The part of this post I'm not comfortable with is the presumption that--just because RDF provides us with a well-formed container into which we humans can pour information about the information--suddenly the machines will be able to use each other's information ["App C can immediately begin to use this data correctly and consistently with how App B uses it"] to deliver an improvement in the knowledge state experienced by some other humans...
Surely the mere fact that RDF offers a structure does virtually nothing to improve the chance that most humans will start to think like S.R. Ranganathan and populate their ontologies etc with logical, useful, language.
IOW: the G3 gambit makes it much easier and faster for machines to locate yet another confusing piece of human-generated information that requires some level of disambiguation.
I think my nagging problem is that RDF appears to be used to store information fundamentally mismatched with RDFs level of abstraction.

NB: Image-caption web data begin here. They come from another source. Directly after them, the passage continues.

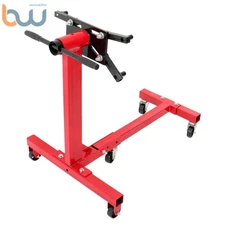 Capacity 3/4 Ton Folding Engine Stand 1500LBS Heavy-duty Engine Block Hoist
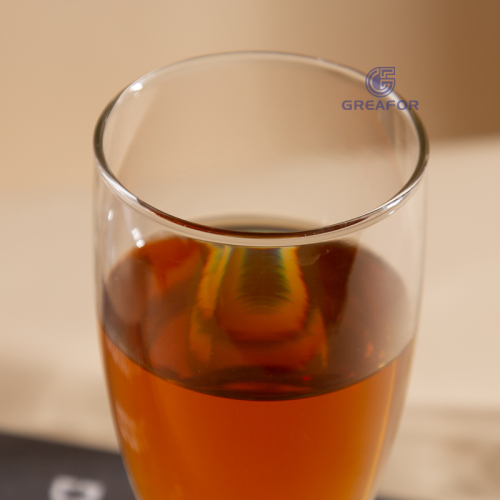 Venta caliente de vaso de cerveza de doble pared con logotipo personalizado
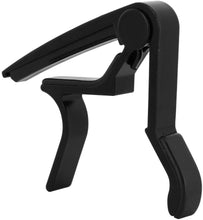 Load image into Gallery viewer, Dunlop Style Quick Release Guitar Capo Black-(6926414643394)
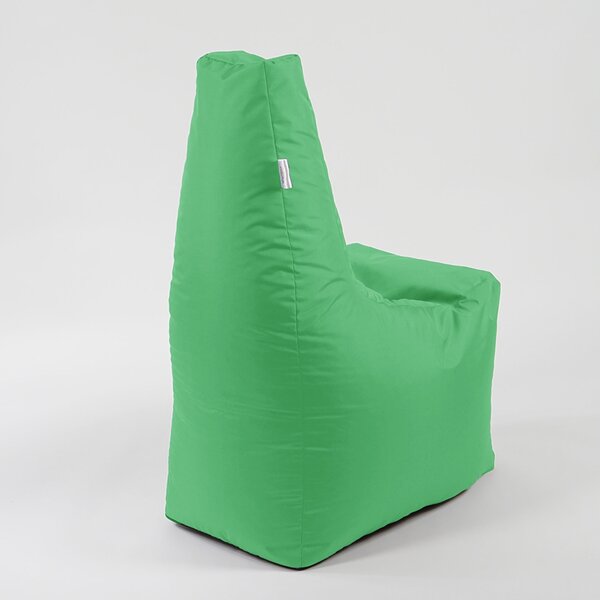 Fotoliu tip Scaun Sunlounger Pufrelax, Material Impermeabil, Green Apple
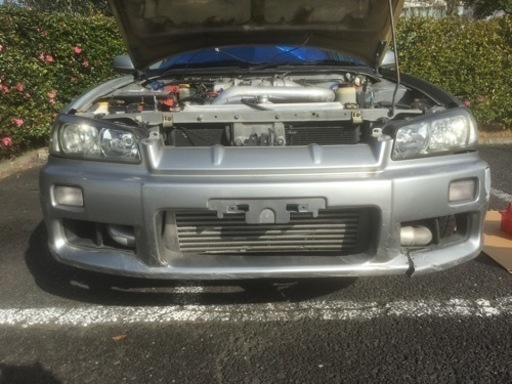 ER34 スカイライン　前置インタークーラー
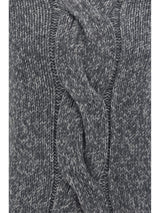 Brunello Cucinelli Cashmere Braid Turtleneck - Men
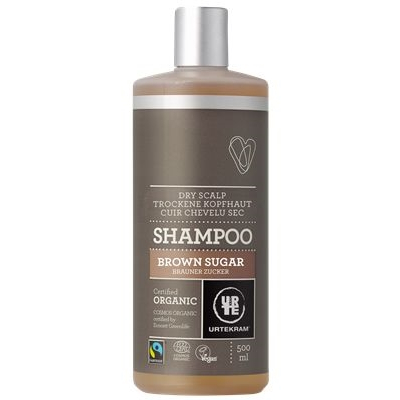 Urtekram Shampoo bruine suiker Urtekram Shampoo bruine suiker afbeelding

The semantic web cannot be driven by more human coloratura...there's no end to the amount of clarification that is required for usefully machine-mediated human communication, no matter how neatly the storage containers fit together.
To me it seems more productive to use RDF as a storage grid for a type of metadata that is more native (somehow) to the logics of the machines themselves. There needs to be more of a state change in the qualities of the information held at the first (or surely the second) order of abstraction above the original.
I understand the need to improve people's habits of describing what they're talking about so that people two nodes away can still get the message. But the whole project suffers mightily when you ask those same messy humans to do the job.
Cheers!
JB
Posted by: John Brisbin | November 27, 2007 at 04:43 AM
Nova,
I agree with your analysis. To me, however, I have another interpretation about Tim's GGG claim.
I understand GGG to be equivalent to WWW but from a different angle of view. When we talk about WWW, we take the publisher's point of view; when we talk about GGG, we are trying to take the viewer's point of view. Both views look upon the same Web, but gathering a different structure of the Web. Moreover, I believe that the purpose of Twine is exactly an attempt to convert the web information storage from the original publisher-oriented point of view to the more friendly viewer-oriented point of view.
You may look at the entire analysis of my understanding of GGG at Thinking Space.
-- Yihong
Posted by: Yihong Ding | November 24, 2007 at 01:50 PM
Hi Nova, I left a response on GigaOM but also wanted to stop by here and say thanks for the comment and the post.
I'm not arguing that you can't represent a unified social graph semantically -- I'm pointing about how a unified social graph doesn't really adequately represent the complexity of human relationships. And I'm also wondering if moving towards a semweb approach for the social graph removes too much of the human, since semantic web technologies are all about machine processing.
Seems to me that many people calling for a unified social graph are those that treat their friends/fans like undifferentiated nodes. Most people, however, don't have so many people they interact with online (or so many services) that they need a unified, machine-processable approach. And a unified machine-processable approach has drawbacks (possibility for spam and privacy abuses, a loss of having multiple ways to say "you are my friend," a loss of multiple identities online).
Hope you had a nice Thanksgiving. :)
Posted by: Anne Z. | November 24, 2007 at 07:13 AM